Lecture 1: Overview

02 Jan 2014

Instructor: Alexandre Bouchard-Côté

Editor: Fatemeh Dorri

Brief Overview

Based on slides I created the first time I taught this course: PDF.

What is a stochastic process? Stochastic process or random process is a collection of random (not necessarily independent) variables indexed by an arbitrary set $S$. This gets interesting when $S$ is uncountable.

Topic of this course: Why/when is it useful to have $S$ uncountable? How can we still do inference using our finite brains and computers?

Note: $S$ is not necessarily a subset of the real line!

Examples of stochastic processes:

Time series: $S = \RR$. Drawing

  • $Y_s(\omega) \in \RR$: value of the random variable with index $s\in S$. The variable $\omega$ denotes an outcome.
  • Example: Brownian motion - Brownian motion is a sample path of a diffusion process models the trajectory of a particle embedded in a flowing fluid and subjected to random displacements due to collisions with molecules, which is called Brownian motion.
  • Alternative view: random function. (Terminology: Path space of a stochastic process.)
  • flexible classes of diffusions and jump processes -jump process has discrete movements rather than continuous- (we should be able to cover a bit of both in this course)
    • Continuous-time Markov chains (a mathematical model which takes values in some finite or countable set and for which the time spent in each state takes non-negative real values and has an exponential distribution),
    • stochastic PDEs (essentially partial differential equations that have random forcing terms and coefficients).
  • Applications:
    • economic/financial indicators,
    • frequency of a population having a certain genetic mutation,
    • periodic phenomena: climate, crop statistics, etc.

Natural generalizations:

  • $S = \RR^2$: many applications in spatial statistics. $s=(longitude, latitude)$ and $Y_s$= concentration of a chemical at that location. Drawing
  • $S = $ a space with a nice inner product structure (Hilbert space). Example we will cover: Gaussian processes.

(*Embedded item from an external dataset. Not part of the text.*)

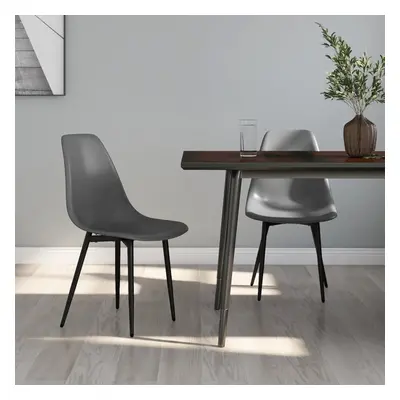 vidaXL 2x Dining Chairs Grey PP Home Kitchen Dining Room Dinner Chair Seating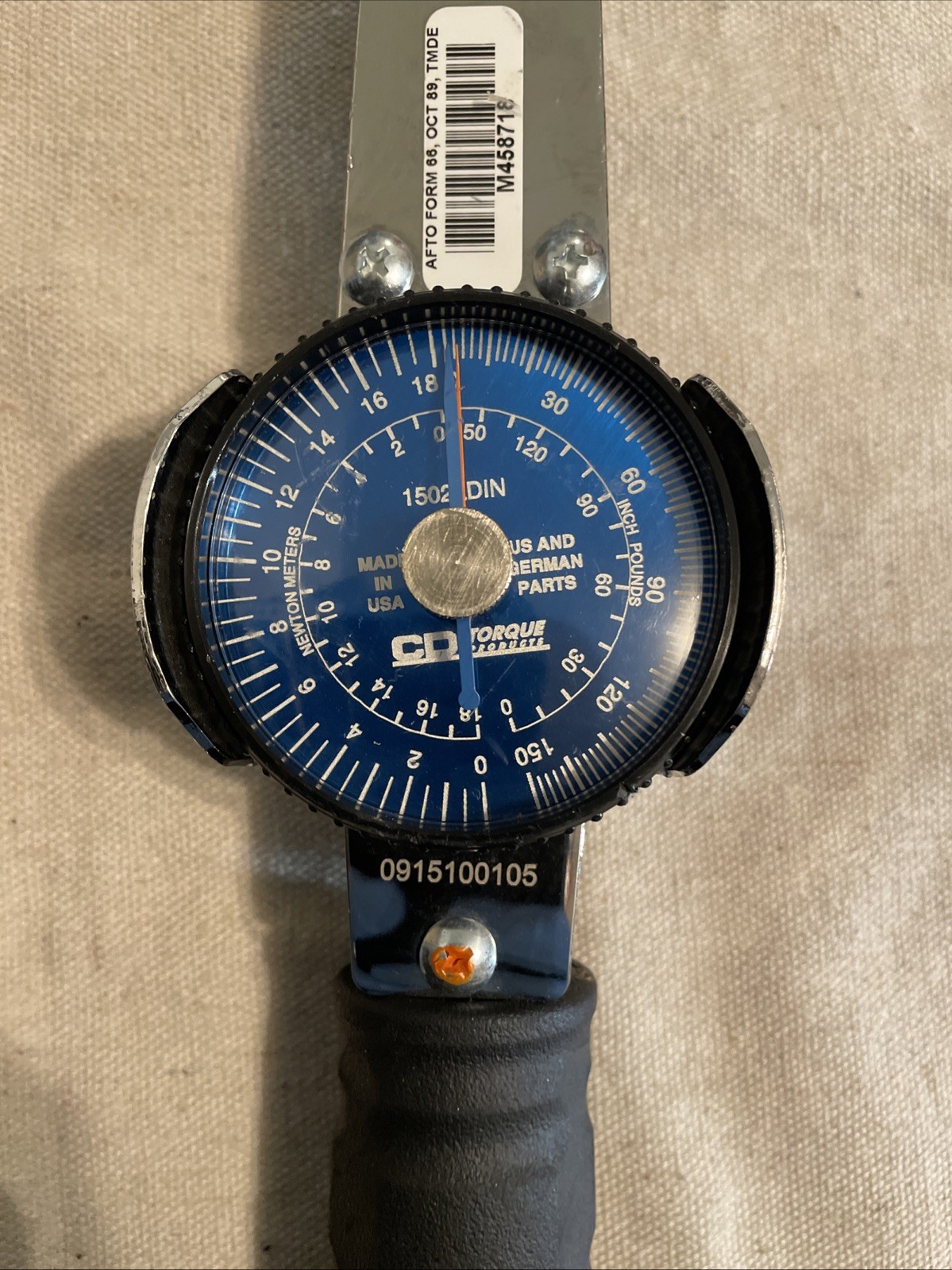 CDI 3/8 Drive Dial Type Torque Wrench Model 1502LDIN 0-150 In/pounds USA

Less natural but very useful: random measures: $S = \sa$, a sigma-algebra.

  • Recall: a measure is a function that takes a set and returns a non-negative number, subject to countable additivity of disjoint sets constraints. (Countable additivity (or $\sigma$ additivity): The measure of the union of a finite number or an infinite countable number of sets that are pairwise disjoint is the sum of the measures of the sets.)
  • Examples: Dirichlet process, Pitman-Yor process.
  • Applications: mixture models (see below).
  • Special case: point processes (integer-valued measure, the number of points that fall in a given set).

Motivation

We always have finite observations, why do we need uncountable spaces?

  • We may not know yet where predictions will be needed.
  • Theory predicts that we may be forced to use stochastic processes as latent variables: de Finetti theorem.

Terminology: Finite Dimensional Distributions (FDD)

More detailed overview via Forward Simulation

Forward simulation: generating a realization (or FDDs of a realization) of a stochastic process from scratch (without conditioning on any event). Synonym: generating a synthetic dataset. In contrast to:

Posterior simulation: obtain samples from the posterior distribution conditioning on some observed parts of the process.

Typically, forward simulation is much, much easier. This gives us another motivation for using stochastic processes: even when the inference method is very complicated and cannot be explained to non-experts, it is relatively simple to explain the model using forward simulation.

A simple jump process: a continuous-time Markov chain (CTMC)

Definition: A CTMC $Y_t(\omega)\in\Yscr, t\in\RR$ is specified by:

  1. $\Yscr$, a finite set (the state space, not to be confused with $S$),
  2. a transition probability matrix $M(y, y')$ over $\Yscr$ (we will interpret it as a jump probability, so let's assume there are no self transitions, $M(y,y) = 0$);
  3. a positive number $\lambda_y$ associated to each state $y$, called a rate;
  4. a starting point $y_0$.

To do forward simulation of a CTMC, do the following:

  1. Initialize $y = y_0$, $p = ()$ to an empty list.
  2. Repeat:
    1. Simulate a waiting time: use an exponential distribution with the rate corresponding to the current state, $\Delta t \sim \Exp(\lambda_y)$.
    2. Add a new segment to the piecewise constant path: $p \gets p \circ (y, \Delta t)$, where $\circ$ denotes concatenation (i.e. we represent a path with a list of pair, where each pair has the length of a segment, $\Delta t$, and its state $y$).
    3. Simulate a transition: use a categorical distribution with the probabilities given by row $y$ of the transition matrix, $y' \sim \Cat(M(y,\cdot))$.
    4. Update the current state: $y \gets y'$

Note: you may have seen different definitions. They are equivalent. Sometimes the one above is more convenient (for forward simulation, for example), sometimes, other definition/representations are more convenient (for example, the rate matrix representation is more convenient for obtaining FDDs). This will be an important idea in this course, not just with CTMC but also with all the other processes.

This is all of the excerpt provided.